> EXERCISE DESCRIPTION:
The records below are to be output exactly, except for their pictures.

> MATERIAL FOR THIS TASK:
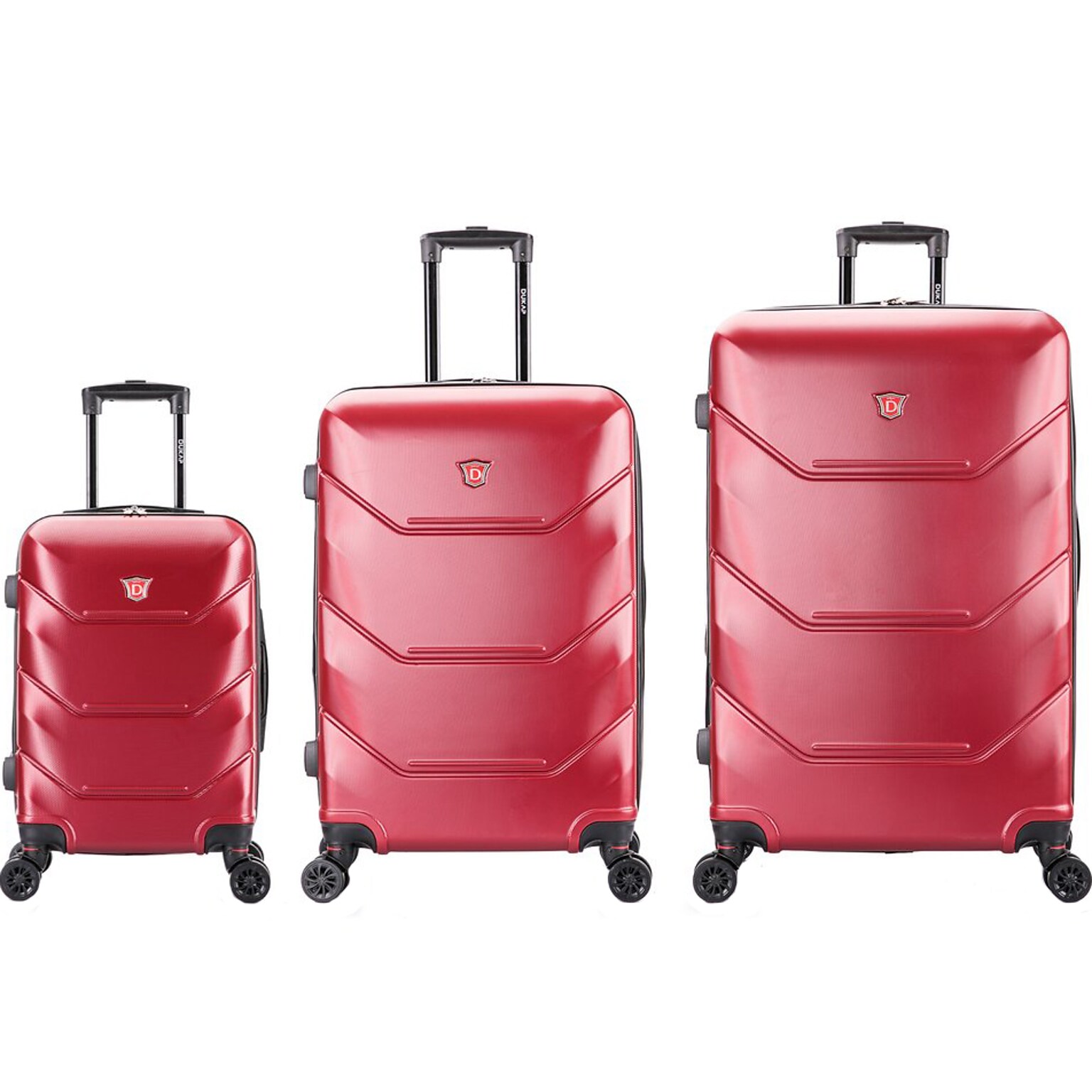 DUKAP Zonix Hardside Spinner Luggage Set, Wine (DKZONSML-WIN)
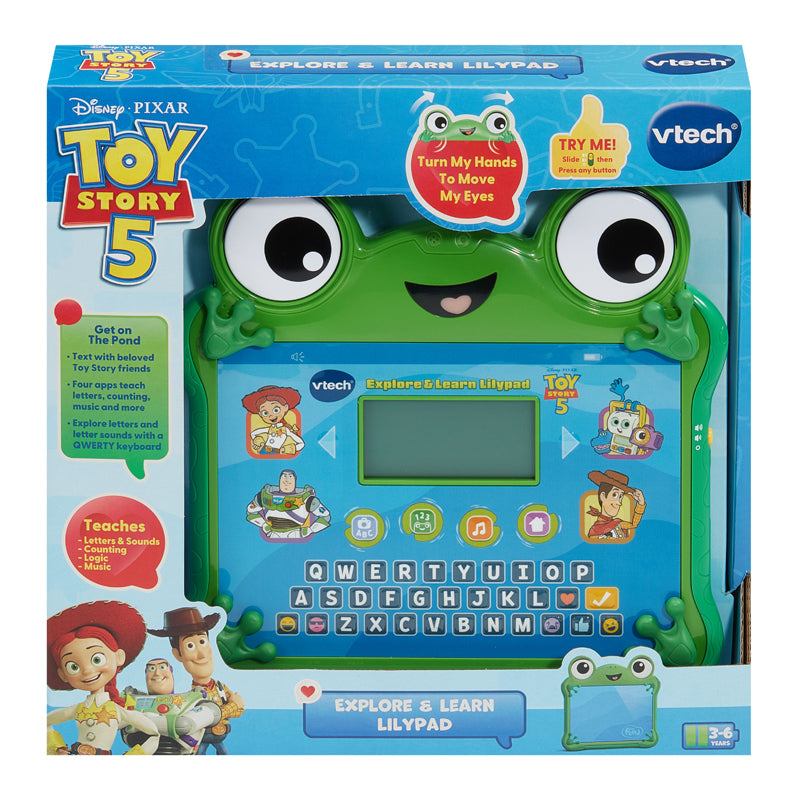 Vtech Brinquedo interativo de aprendizagem Toy Story 5 Explore & Learn Lilypad com jogos, música, teclado QWERTY e personagens.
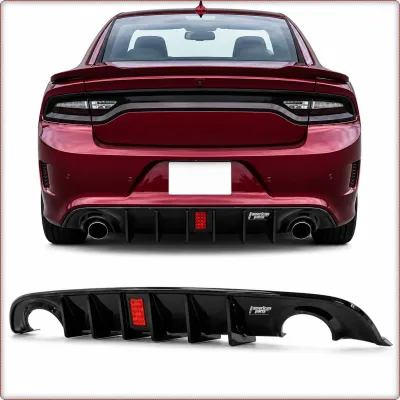 DIFFUSORE POSTERIORE CON LED PER DODGE CHARGER 2015 - 2023 SRT LUCIDO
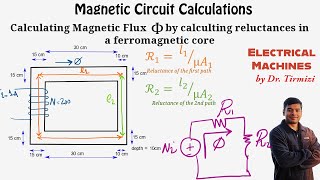 Mastering Magnetic Circuit Calculations: Finding Magnetic Flux Through a Ferromagnetic Core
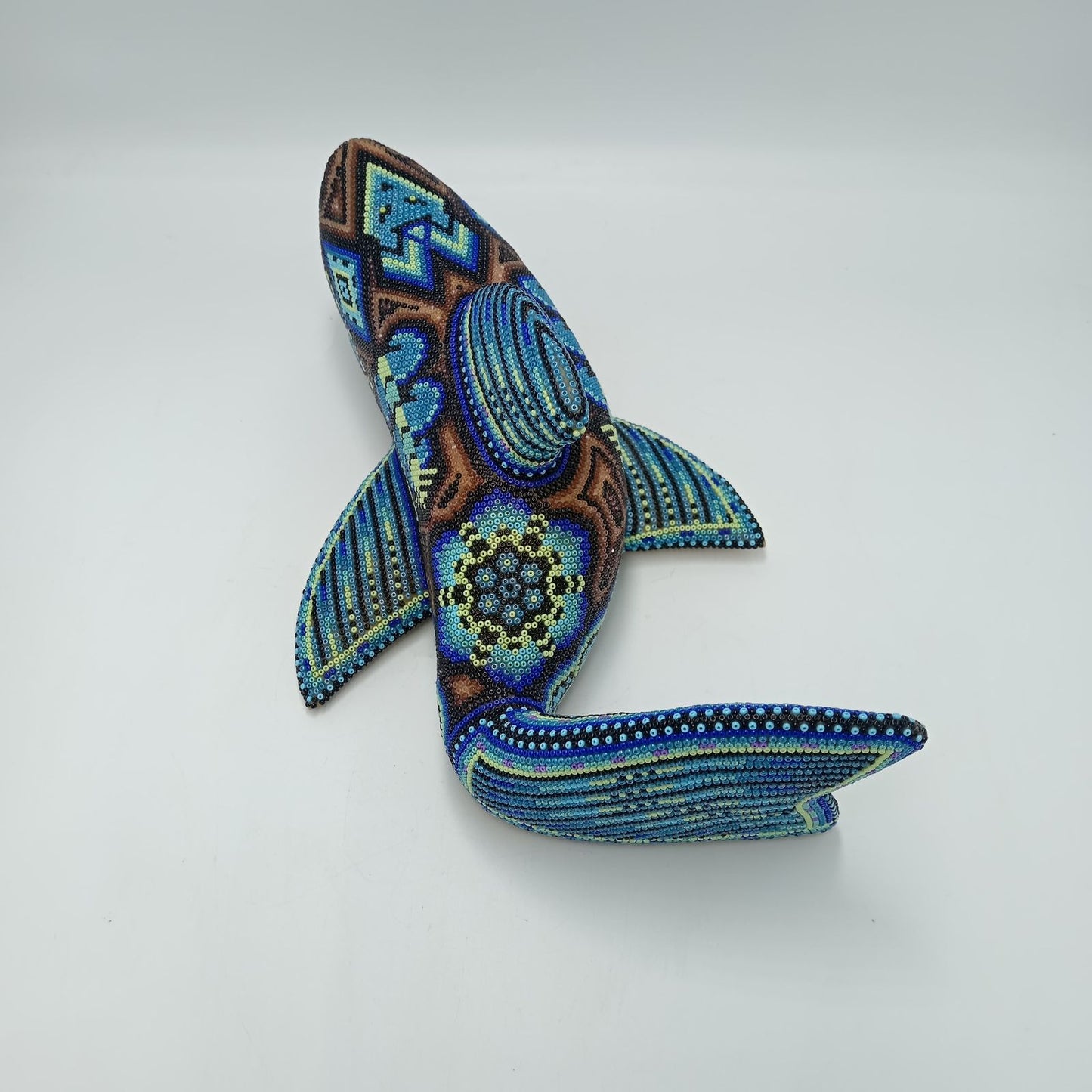 Mexican Folk Art Huichol Hand Beaded Shark By Santos Bautista PP7541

> EXERCISE RESULT:
 DUKAP Zonix Hardside Spinner Luggage Set, Wine (DKZONSML-WIN)
 Vtech Brinquedo interativo de aprendizagem Toy Story 5 Explore & Learn Lilypad com jogos, música, teclado QWERTY e personagens.
 DIFFUSORE POSTERIORE CON LED PER DODGE CHARGER 2015 - 2023 SRT LUCIDO
 Mastering Magnetic Circuit Calculations: Finding Magnetic Flux Through a Ferromagnetic Core
 Mexican Folk Art Huichol Hand Beaded Shark By Santos Bautista PP7541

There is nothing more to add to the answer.